#WorldMalariaDay #BewareOfThatBite : India reported to have over 80% of all Malaria cases across Asia, I was astonished to read last month how a country about 50x smaller than us has been declared Malaria-free by #WHO last year in September. Sure, it took Sri Lanka time but also proves how a national-level, closely monitored and tight-knit grassroot campaign with community participation can actually be so damn good.
And while we cannot totally rely on government efforts and early results of #MalariaVaccine, maintaining hygiene at homes, streets and locality area is more than possible. Understand that old methods of pest control and DDT no longer works, and standing water anywhere near you is enough to invite a #mosquito.

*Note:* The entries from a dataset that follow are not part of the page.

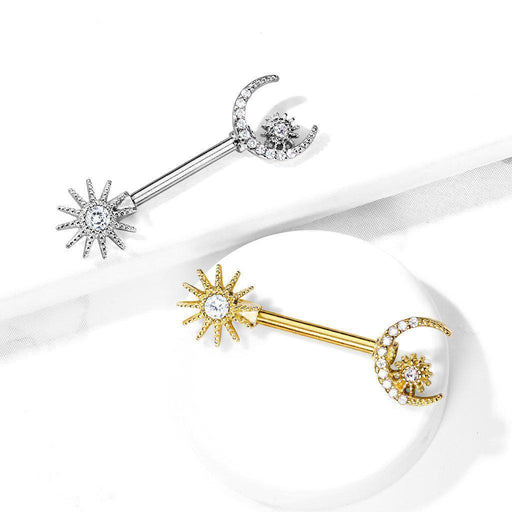 Sun and Moon Nipple Bar 14G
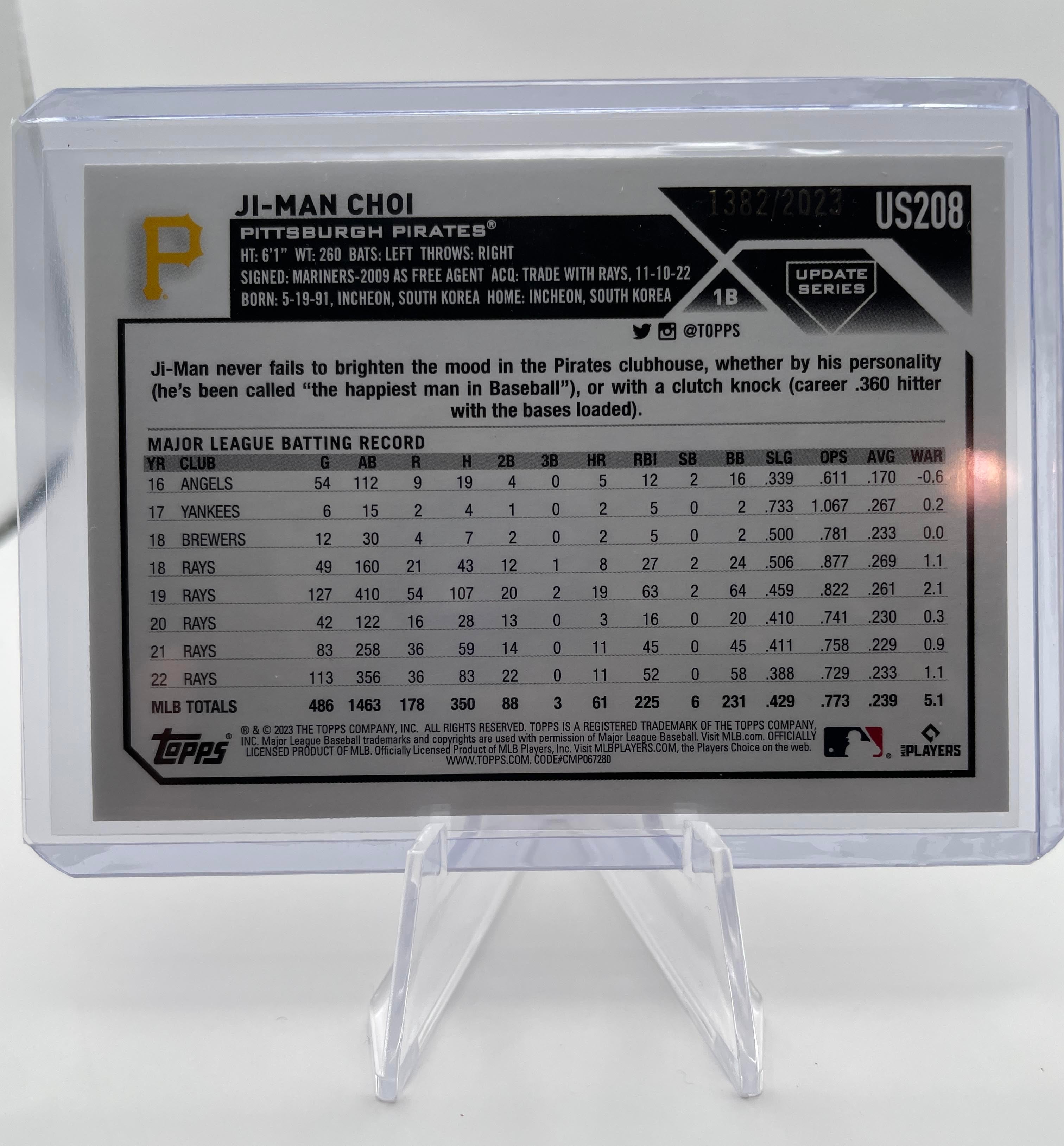 2023 Topps Update Series Ji-Man Choi Gold Border /2023 #US208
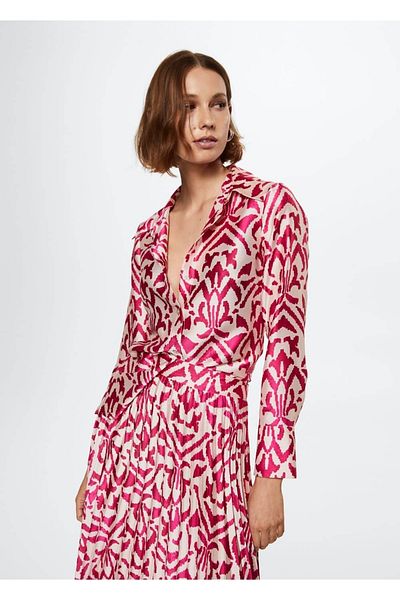 MANGO Woman Cămașă cu model din satin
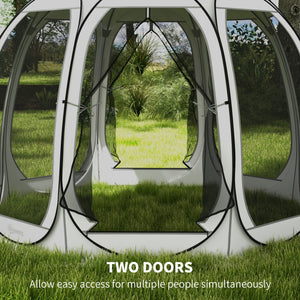 Foldable mosquito net tent with carry bag and 2 doors, cream white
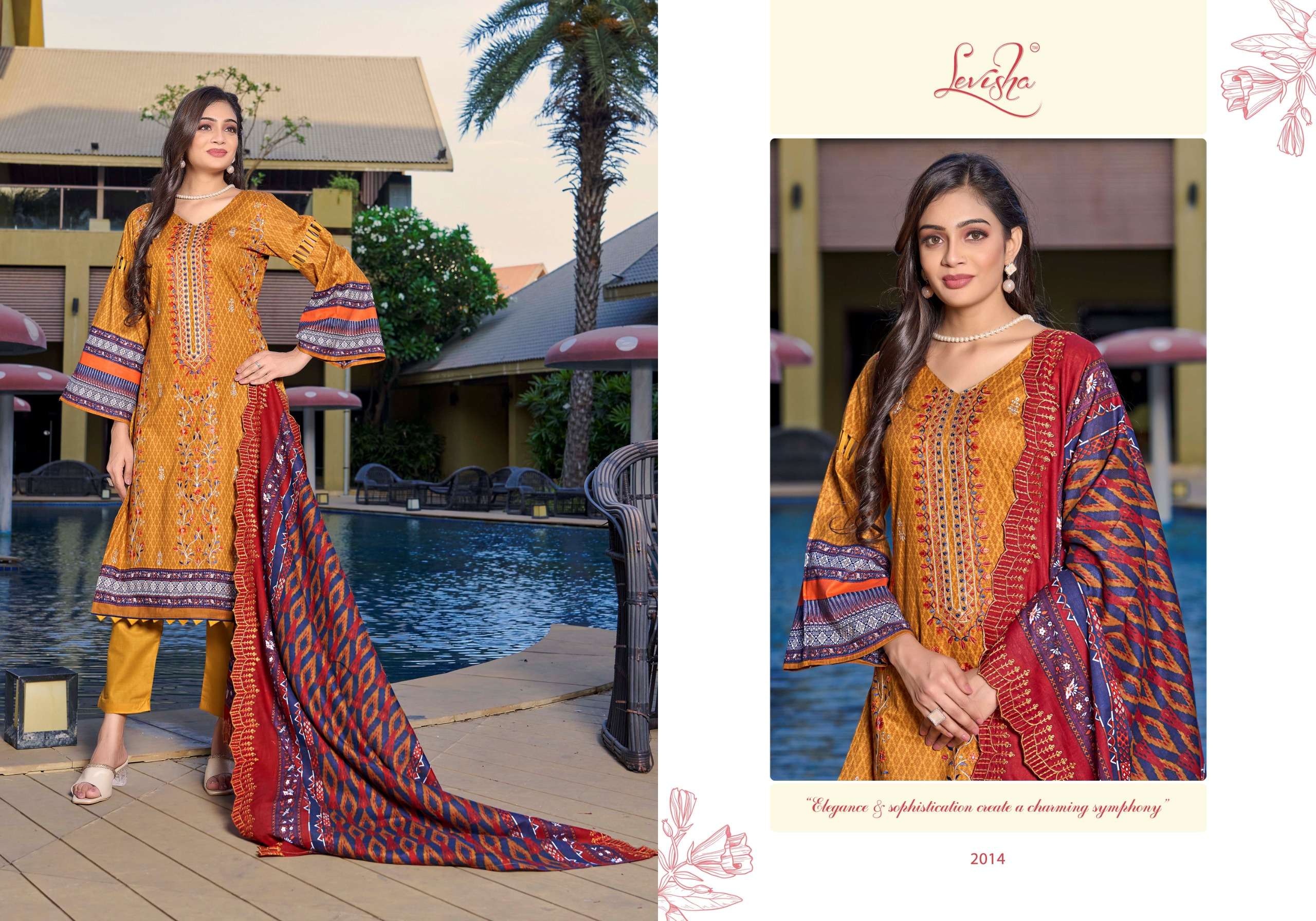  LEVISHA BINSAEED NX COTTON PRINT WITH EMBROIDERY WORK SUIT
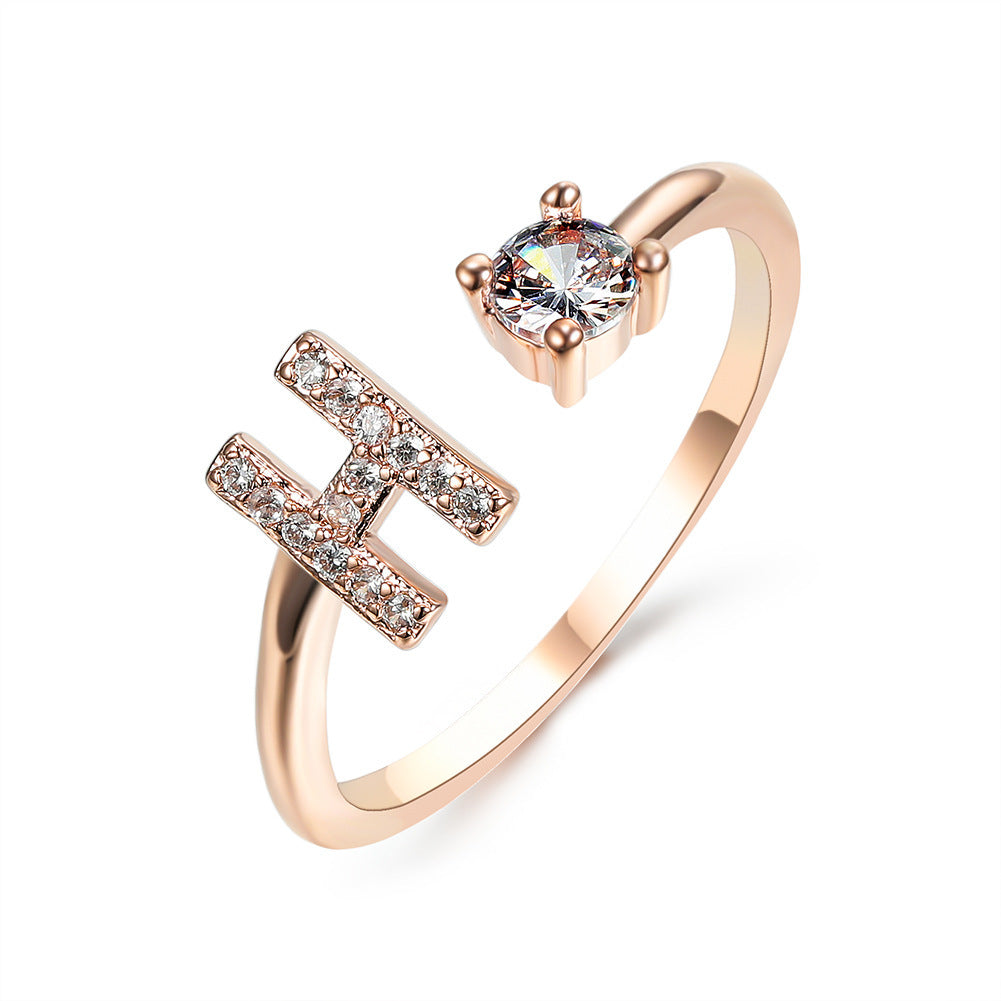 New Design Adjustable 26 Initial Letter Ring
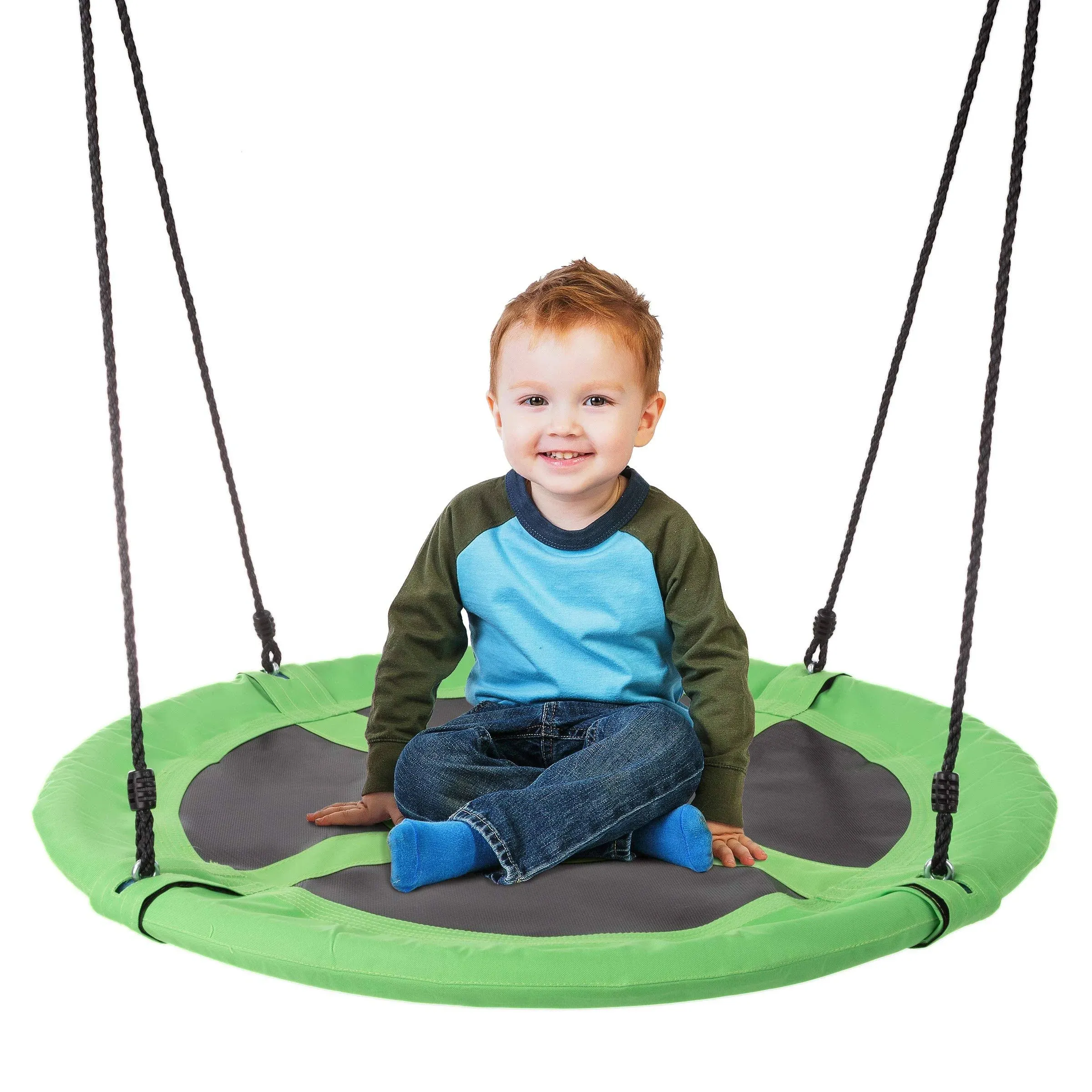 Hey! Play! Saucer Swing – 40” Diameter Hanging Tree or Swing Set Outdoor Playground or Backyard Play Accessory Round Disc with Adjustable Rope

Studies show how these small stingy insects have adapted to #prevention techniques, and by just being aware can reduce this deadly disease to a greater extent. Use repellent, nets and close the windows and doors whenever possible. Get rid of old stuff doing nothing at your home. Recycle things or dump them properly. Once in a while, clean your garden or lawn area; moist soil is all that attracts insects, leave alone mosquitos.
And if you are very attractive to mosquitos like me, wear full sleeves clothes (especially if you are going out in the evening/ night), clean the area with water where you have been bitten and use a mosquito coil. I have personally found them helpful but again, it’s a repetitive process.
Getting rid of mosquitos is not the solution, we need to focus on their breeding process; that’s where lies a permanent fix. Stop them from being born, and you are good for a little longer. Because hey, tidying places is a continuous process. Hence, Malaria is a complex problem to solve at scale.